■ Work instructions ■
For the records below, output word for word the lines from the one with "19222 Hikers Trail Dr — Photo 3" up to and including the one with "Resale - Bungalow - La Mata". No pictures.

■ Records for the task ■
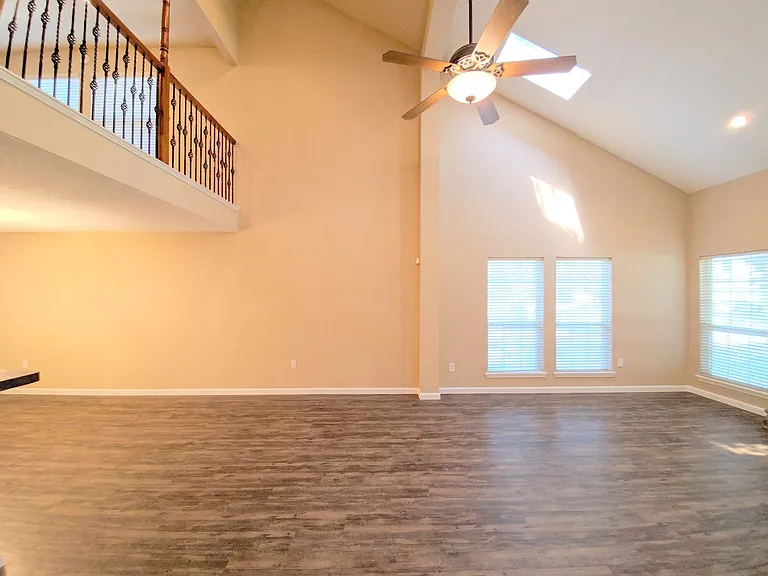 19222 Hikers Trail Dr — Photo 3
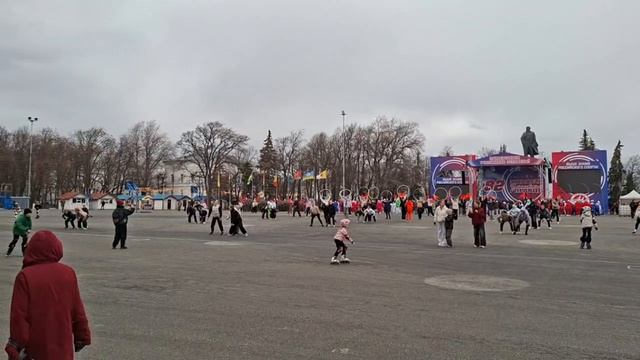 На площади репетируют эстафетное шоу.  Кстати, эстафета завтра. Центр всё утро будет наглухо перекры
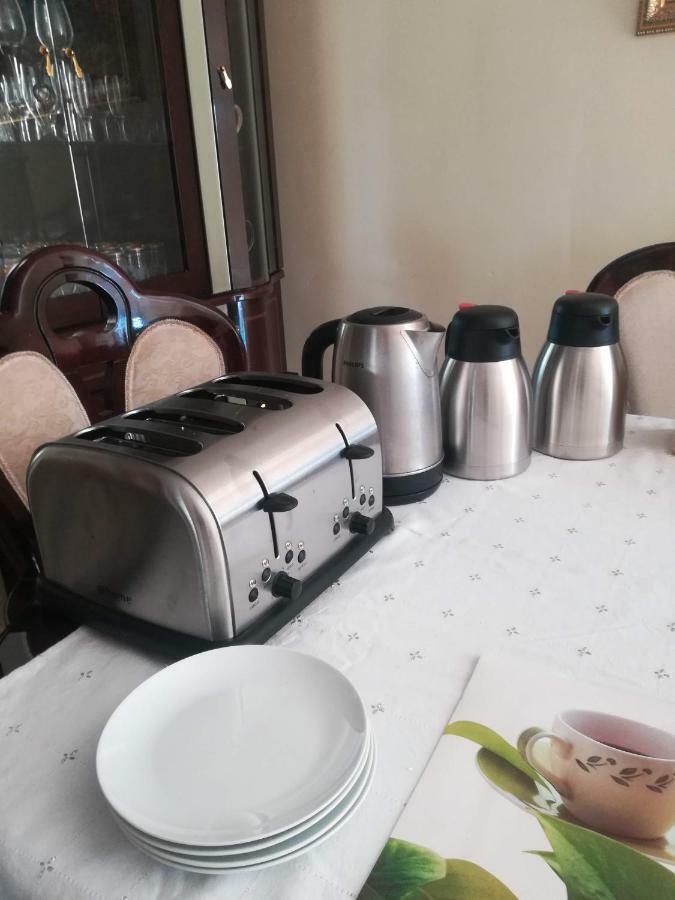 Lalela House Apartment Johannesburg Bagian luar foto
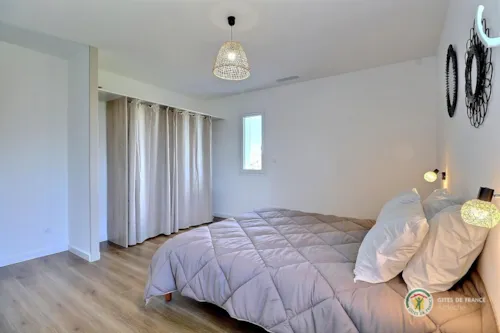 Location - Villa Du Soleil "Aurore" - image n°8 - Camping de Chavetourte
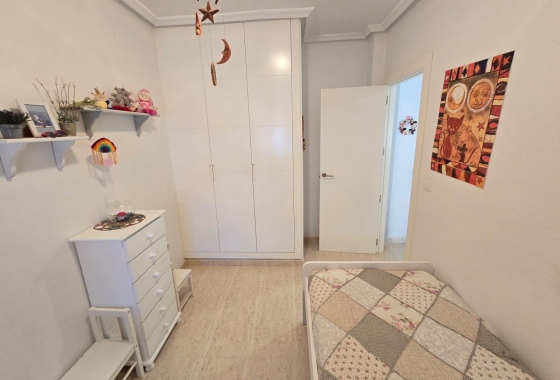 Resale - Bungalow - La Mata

--

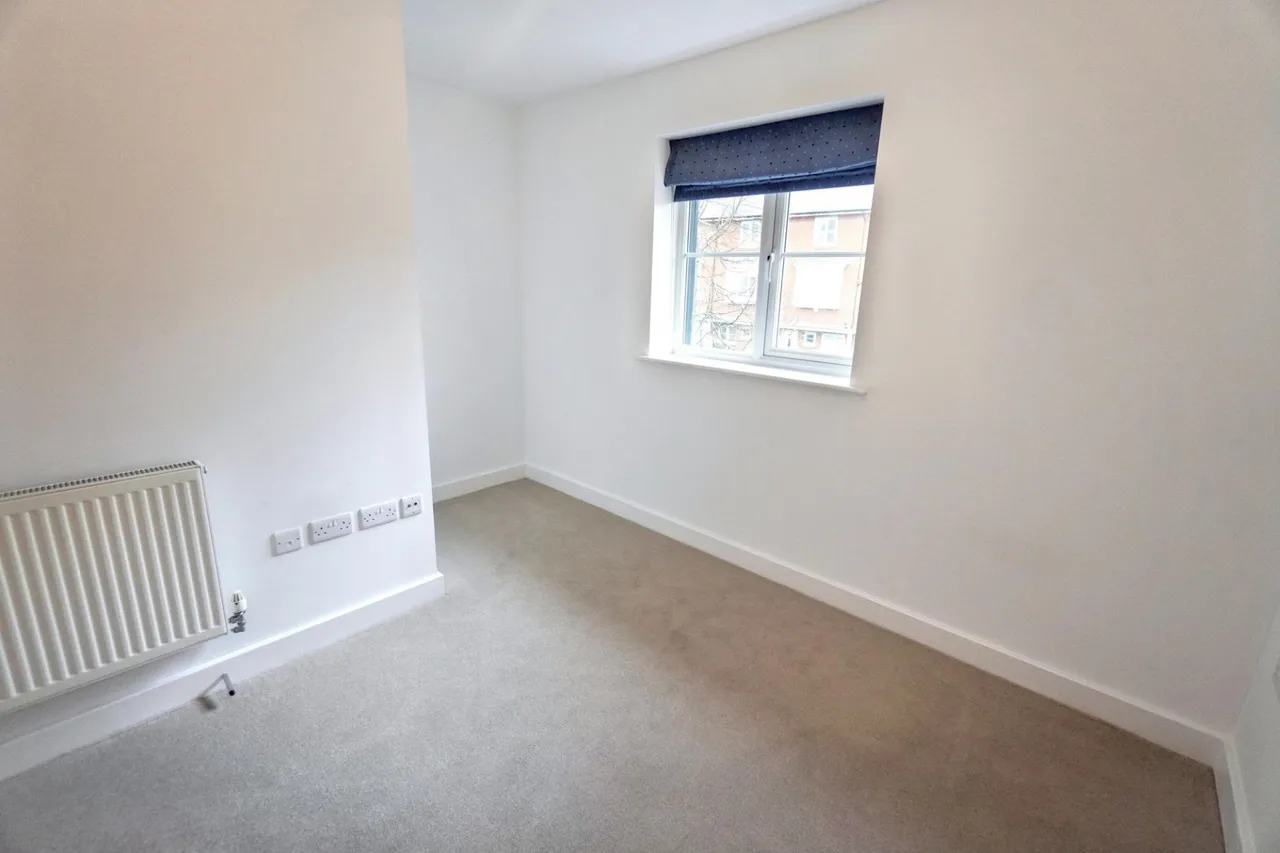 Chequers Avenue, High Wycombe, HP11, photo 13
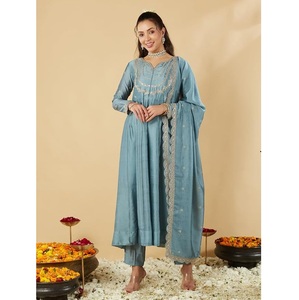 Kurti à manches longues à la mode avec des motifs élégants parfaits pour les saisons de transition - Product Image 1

--

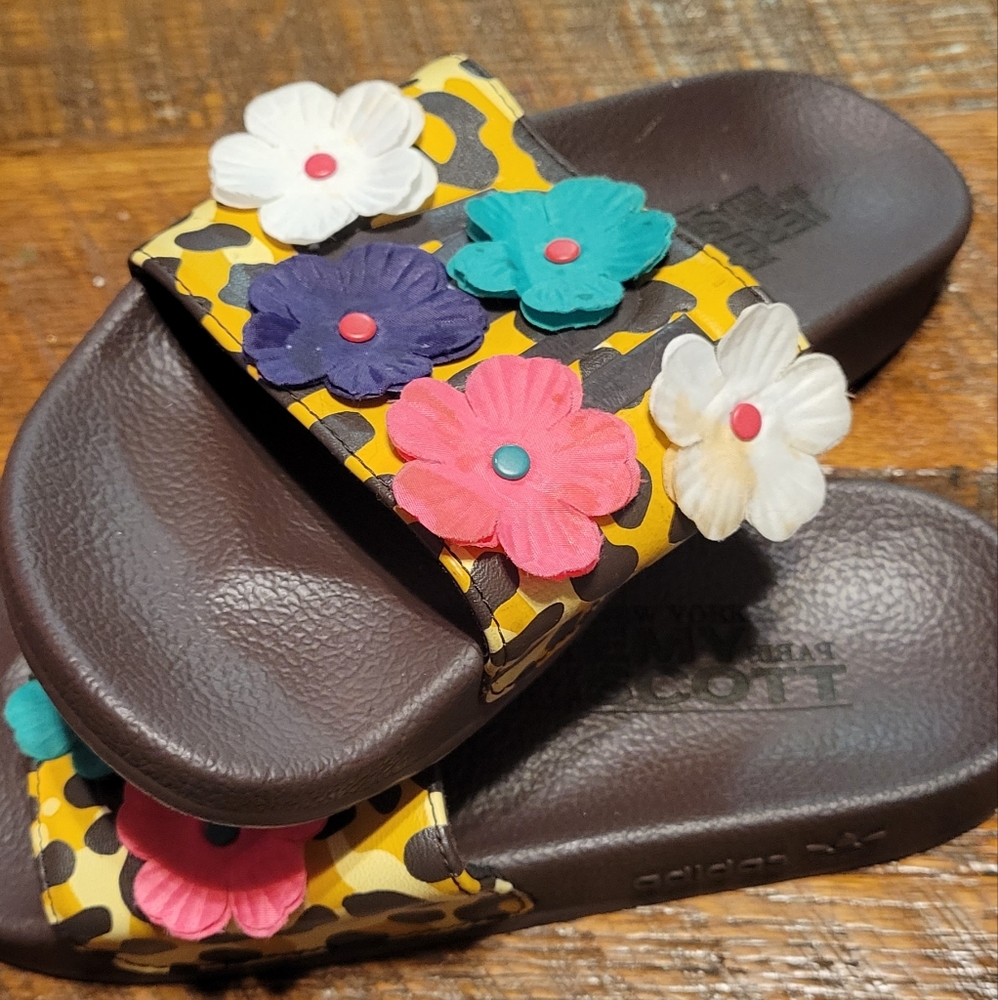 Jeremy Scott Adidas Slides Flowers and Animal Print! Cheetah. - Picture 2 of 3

■ Solution for this exercise ■
 19222 Hikers Trail Dr — Photo 3
 На площади репетируют эстафетное шоу.  Кстати, эстафета завтра. Центр всё утро будет наглухо перекры
 Lalela House Apartment Johannesburg Bagian luar foto
 Location - Villa Du Soleil "Aurore" - image n°8 - Camping de Chavetourte
 Resale - Bungalow - La Mata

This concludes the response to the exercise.